Learn Forex Price Movement

By: Kelly Price

Many forex traders think they need to study news stories and the fundamentals to win on the other hand, forex chartists think that charts move to some hocus pocus theory that predicts the future but the most important variable is much simpler and learn how to gauge it and you can enjoy currency trading success.

Let's start with a simple equation. Fundamentals (Supply and demand) + Investor Perception = Price

Nice and simple that's the way any investment market moves and it's obvious that the most important variable is investor perception or sentiment.

The person who simply acts on news has no chance of winning, as it's discounted immediately and he is playing catch up. For evidence of this look at every major bull move and bear move and you will find that the fundamentals are almost always at their most bullish at an important market top and most bearish at an important market bottom.

The person who uses forex technical analysis will argue that as the fundamentals are immediately discounted in the price, so all you need to do is follow price action and this is by far the better way of trading - but it has one flaw.

You can't see how far a move will go as greed and fear take hold of investor's. Sure price spikes never last - but when are they going to end?

This is where you look at the fundamentals for clues to warn of technical tops i.e the sentiment.

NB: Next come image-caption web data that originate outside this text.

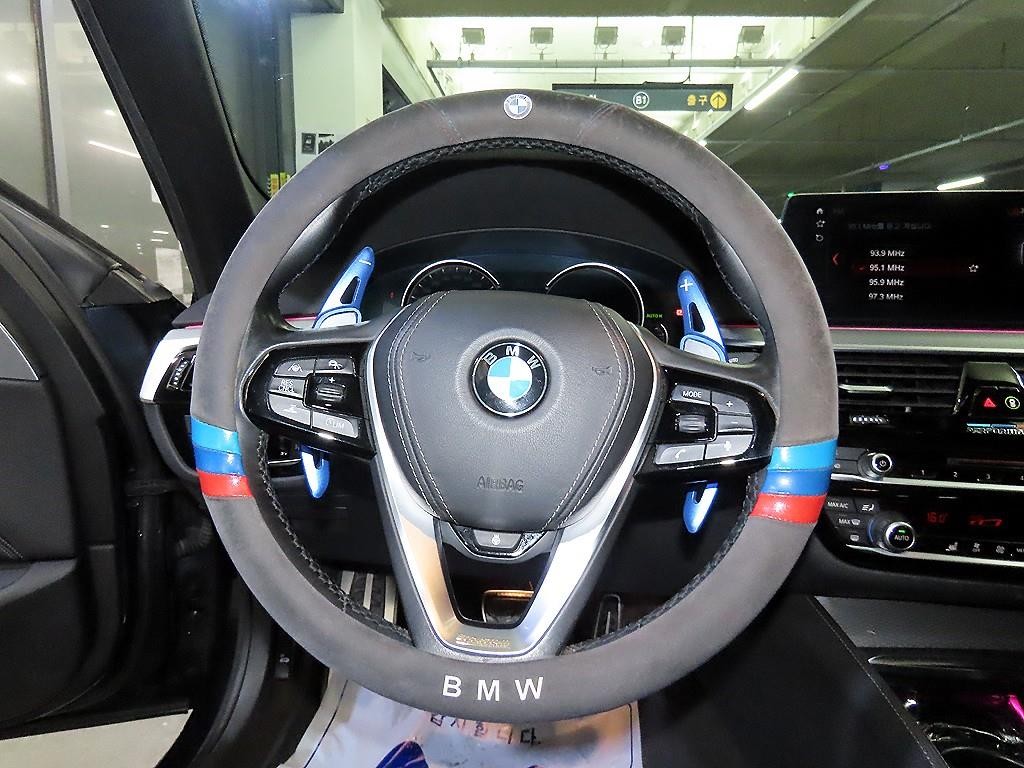 BMW 5시리즈 5시리즈 (G30) 530i M 스포츠 이미지 8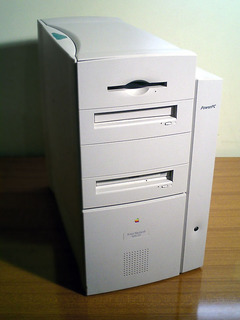 Power_Macintosh_8600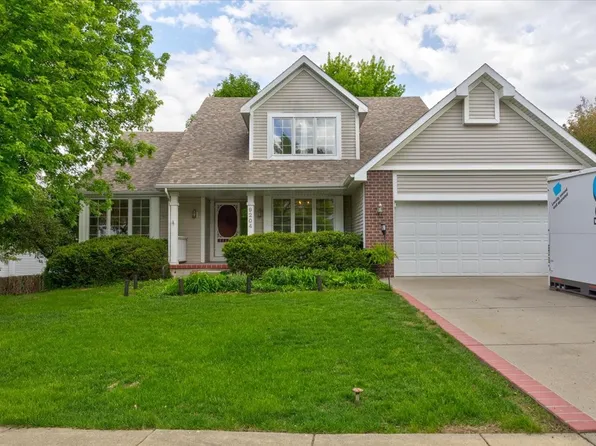 9204 Oakridge Pl, Johnston, IA 50131
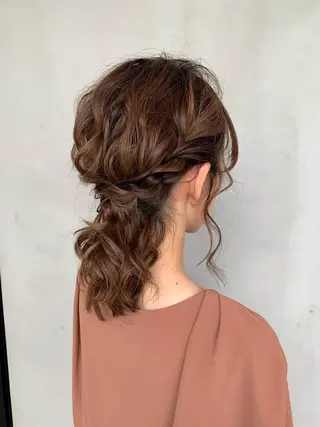 ミディアム ヘアアレンジ yui .のヘアスタイル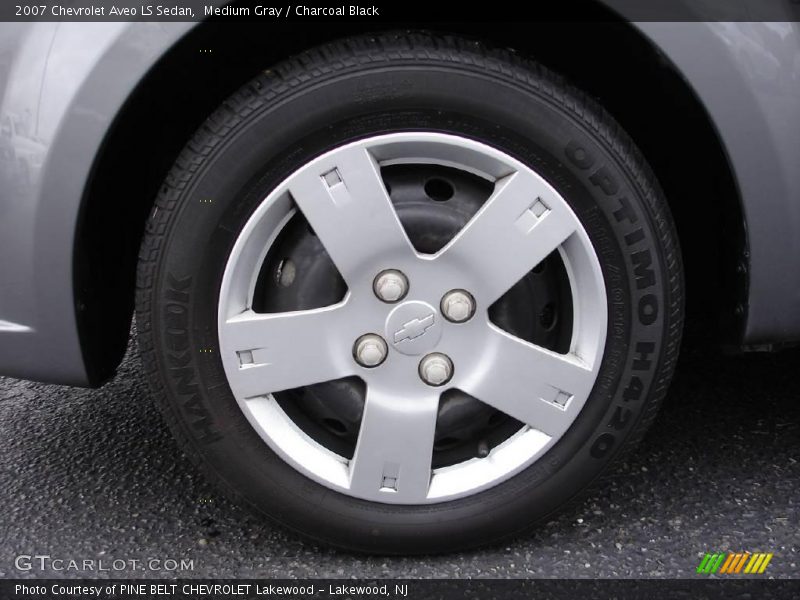 Medium Gray / Charcoal Black 2007 Chevrolet Aveo LS Sedan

You can do this by watching the news.

For example recently it was said the euro would gain on the dollar and make new highs because the US had cut interest rates - what happened?

The euro tried to get through an important resistance price and failed (we pointed this out in an article last week and the euro has plunged since) what was going on?

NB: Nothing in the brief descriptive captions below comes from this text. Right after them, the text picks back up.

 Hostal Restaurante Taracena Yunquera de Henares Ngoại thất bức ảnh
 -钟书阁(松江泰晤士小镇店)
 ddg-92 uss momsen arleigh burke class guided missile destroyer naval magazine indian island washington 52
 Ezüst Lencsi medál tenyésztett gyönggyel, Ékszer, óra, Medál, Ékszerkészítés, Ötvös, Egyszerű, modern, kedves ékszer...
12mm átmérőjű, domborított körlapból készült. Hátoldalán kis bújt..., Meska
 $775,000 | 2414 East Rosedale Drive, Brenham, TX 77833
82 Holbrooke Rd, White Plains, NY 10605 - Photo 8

The news was discounted and bullish euro news didn't push it higher.

This meant the sentiment was at a bullish extreme and prices recoiled back.

If ever you see bullish news that doesn't push a market higher and bearish news that doesn't push a market lower, combined with a price spike on the charts, chances are you are going to get a move the other way.

There is a famous saying:

"If you can hold your head when all around you everyone is losing theirs you probably haven't heard the news"

In forex terms you have but you are drawing different conclusions - while the lemmings are blinded by greed and fear and never see a move ending, you are looking for a contrary trend.

If you look for price spikes and then look at the contrary view, then you can get some trading opportunities.

Are there any concrete indicators for judging investor sentiment?

Yes there are two great ones - % bullish and the Net Traders Positions report and we will look at these in the next article in this series.

If you want to maximize your profits and enjoy currency trading success you need to use market sentiment to anticipate forex price movement.